### Short descriptive text snippets

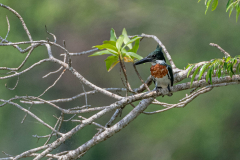 Amazone-ijsvogel (Chloroceryle amazona) Amazone-ijsvogel (Chloroceryle amazona)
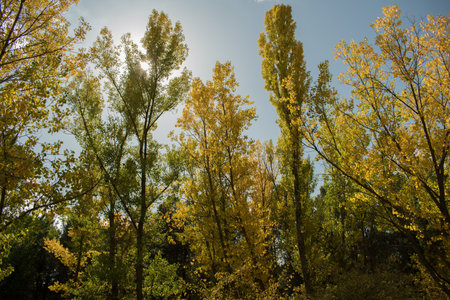 Near to Ciudad Encantada - Cuenca - Spain. Forest in autumnの写真素材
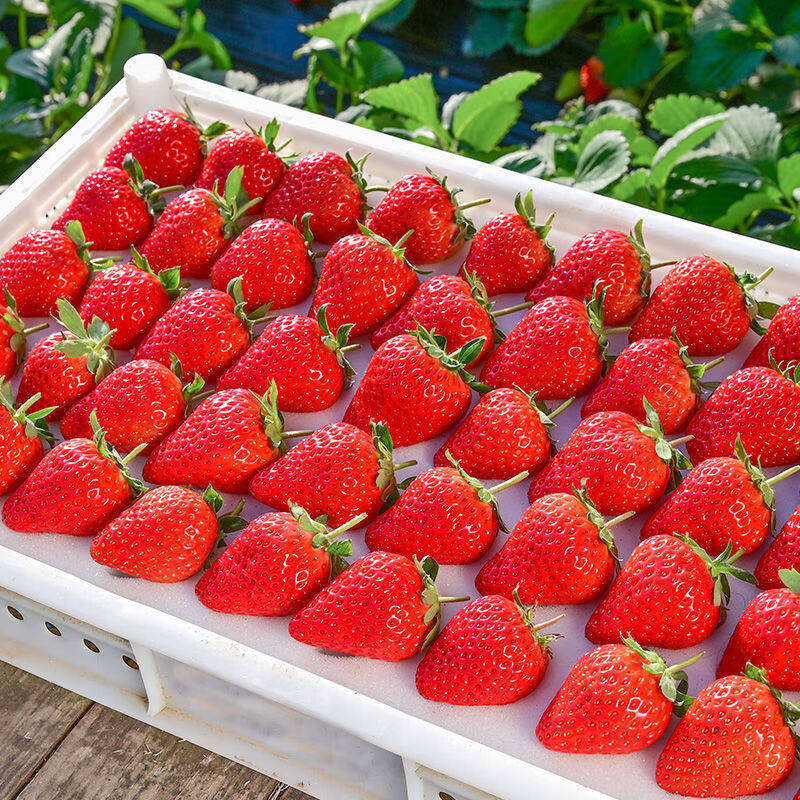 探味先生【顺丰送货上门】山东正宗隋珠香野草莓 每天现摘现发 新鲜水果 净重2.8斤中大果【现摘现发单果15-25g】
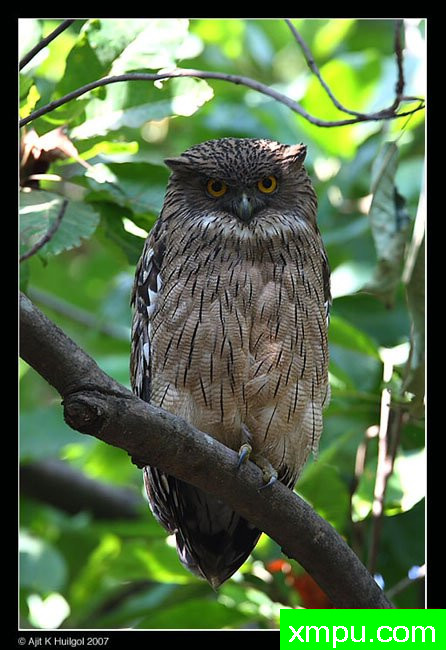 非洲鱼嚎猫头鹰--摄影培育师：阿吉特Huilgol 摄影[美国]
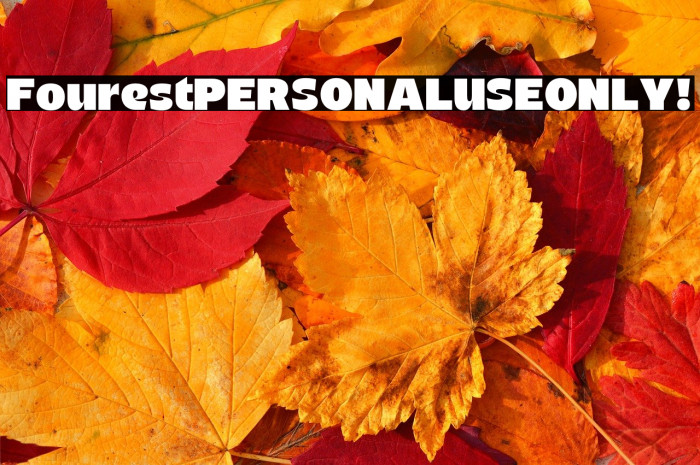 Fourest PERSONAL USE ONLY! Example 1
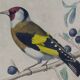 Ornithological board "Veuve to 4 Brins. Dominican - Chardonnert - Tarin" Buffon 1840
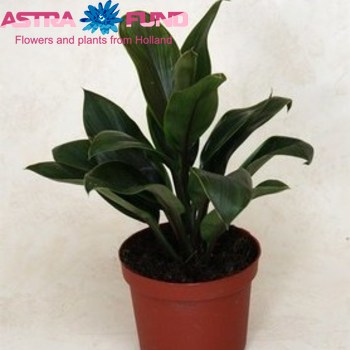 Cordyline Green Compacta fotó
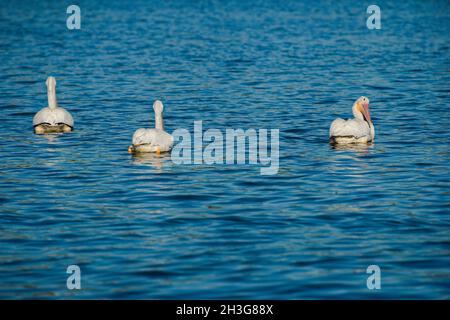 Große weiße Pelikane schwimmen gemächlich auf dem See auf der Suche nach Fisch Abendessen. Drückt Sicherheit in Zahlen und ein Teil der Gruppe gleich Glück und Erfolg, Stockfoto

### Problem description
With the images left out, set down every entry exactly.

### Solution below
 Amazone-ijsvogel (Chloroceryle amazona) Amazone-ijsvogel (Chloroceryle amazona)
 Near to Ciudad Encantada - Cuenca - Spain. Forest in autumnの写真素材
 探味先生【顺丰送货上门】山东正宗隋珠香野草莓 每天现摘现发 新鲜水果 净重2.8斤中大果【现摘现发单果15-25g】
 非洲鱼嚎猫头鹰--摄影培育师：阿吉特Huilgol 摄影[美国]
 Fourest PERSONAL USE ONLY! Example 1
 Ornithological board "Veuve to 4 Brins. Dominican - Chardonnert - Tarin" Buffon 1840
 Cordyline Green Compacta fotó
 Große weiße Pelikane schwimmen gemächlich auf dem See auf der Suche nach Fisch Abendessen. Drückt Sicherheit in Zahlen und ein Teil der Gruppe gleich Glück und Erfolg, Stockfoto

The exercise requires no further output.